Machst du dich schuldig?
„Wenn ich zum Gottlosen spreche: Du musst sterben!, und du warnst ihn nicht und redest nicht, um den Gottlosen vor seinem gottlosen Weg zu warnen, um ihn am Leben zu erhalten, so wird er, der Gottlose, wegen seiner Ungerechtigkeit sterben, aber sein Blut werde ich von deiner Hand fordern.“ (Hesekiel 3,18)
Hudson Taylor, lange Missionar in China, berichtete einmal folgende bewegende Geschichte: „Ich ging in die Kajüte des Bootes, als ich plötzlich durch ein Platschen und einen Schrei von außen aufgeschreckt wurde. Ich sprang an Deck und erfasste die Situation mit einem Blick. Peter war weg!
Die anderen Männer waren alle an Bord und schauten hilflos auf die Stelle, an der er verschwunden war, machten aber keine Anstalten, ihn zu retten. Ein starker Wind trieb die Dschunke trotz einer stetigen Gegenströmung schnell vorwärts. Ich ließ sofort das Segel herunter und sprang über Bord, in der Hoffnung, ihn zu finden.
Erfolglos sah ich mich in quälender Spannung um und erblickte in meiner Nähe ein Fischerboot mit einem eigentümlichen Schleppnetz mit Haken, von dem ich wusste, dass es Peter an die Oberfläche bringen könnte.
‚Kommt!‘ rief ich, als die Hoffnung in meinem Herzen wieder auflebte. ‚Komm und zieh sofort über diese Stelle; ein Mann ertrinkt gerade hier!‘ ‚Veh bin!‘ (‚Ungerne‘), war die gefühllose Antwort. ‚Reden Sie nicht von Bequemlichkeit’, rief ich gequält, ‚ein Mann ertrinkt, sage ich Ihnen!‘
‚Wir sind mit Fischen beschäftigt‘, antworteten sie, ‚und können nicht kommen.‘ ‚Macht euch nichts aus dem Fischen‘, sagte ich, ‚ich werde euch mehr Geld geben, als so mancher Tag Fischfang einbringt; kommt nur - kommt sofort!‘
‚Wie viel Geld werden Sie uns geben?‘ ‚Darüber können wir jetzt nicht mehr diskutieren! Kommt, sonst wird es zu spät sein. Ich gebe euch fünf Dollar!‘ ‚Dafür werden wir es nicht tun‘, antworteten die Männer. ‚Gebt uns zwanzig Dollar, und wir werden ziehen.‘
‚So viel besitze ich nicht. Kommt schnell, und ich gebe euch alles, was ich habe!‘ ‚Wie viel mag das sein?‘ ‚Ich weiß es nicht genau, etwa vierzehn Dollar.‘
Endlich, aber auch dann noch langsam genug, wurde das Boot herübergepaddelt und das Netz zu Wasser gelassen. Es dauerte weniger als eine Minute, bis die Leiche des Vermissten geborgen war. Die Fischer entrüsteten sich lautstark, weil ihre exorbitante Forderung nicht direkt erfüllt werden konnte, während Wiederbelebungsversuche unternommen wurden. Aber alles war vergeblich - das Leben war erloschen.

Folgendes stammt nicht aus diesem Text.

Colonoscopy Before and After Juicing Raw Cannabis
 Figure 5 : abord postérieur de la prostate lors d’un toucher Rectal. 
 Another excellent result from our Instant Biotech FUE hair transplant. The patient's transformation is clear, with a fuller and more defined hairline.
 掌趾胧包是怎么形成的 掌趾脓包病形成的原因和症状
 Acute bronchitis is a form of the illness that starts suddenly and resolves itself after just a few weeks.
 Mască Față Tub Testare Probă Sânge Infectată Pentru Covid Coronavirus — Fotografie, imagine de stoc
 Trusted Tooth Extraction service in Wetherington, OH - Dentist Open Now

Für mich selbst war dieser Vorfall zutiefst traurig und bedeutungsvoll, denn er deutete auf eine weitaus traurigere Realität hin. Waren nicht gerade diese Fischer schuldig am Tod dieses armen Chinesen, da sie die Mittel zu seiner Rettung zur Hand hatten, wenn sie sie nur benutzt hätten? Zweifellos waren sie schuldig.
Und doch sollten wir innehalten, bevor wir ein Urteil über sie fällen, damit nicht ein Größerer als Nathan antwortet: ‚Du bist der Mann.‘ Ist es so hartherzig, so verwerflich, die Rettung des Körpers zu vernachlässigen? Wie viel härterer Strafe ist dann der würdig, der die Seele dem Verderben überlässt und wie Kain sagt: ‚Bin ich meines Bruders Hüter?‘
Der Herr Jesus befiehlt, befiehlt mir, befiehlt dir, mein Bruder, und dir, meine Schwester. ‚Geht‘, sagt Er, ‚geht in die ganze Welt und predigt das Evangelium jeder Kreatur.‘ Sollen wir zu Ihm sagen: ‚Nein, das ist nicht angebracht‘?
Sollen wir Ihm sagen, dass wir ein Stück Land gekauft haben und nicht gehen können? Dass wir fünf Joch Ochsen gekauft oder geheiratet haben oder anderen, interessanteren Beschäftigungen nachgehen, und nicht gehen können? Bald ‚müssen wir alle vor dem Richterstuhl Christi erscheinen, damit ein jeder empfange, was er an seinem Leib getan hat‘.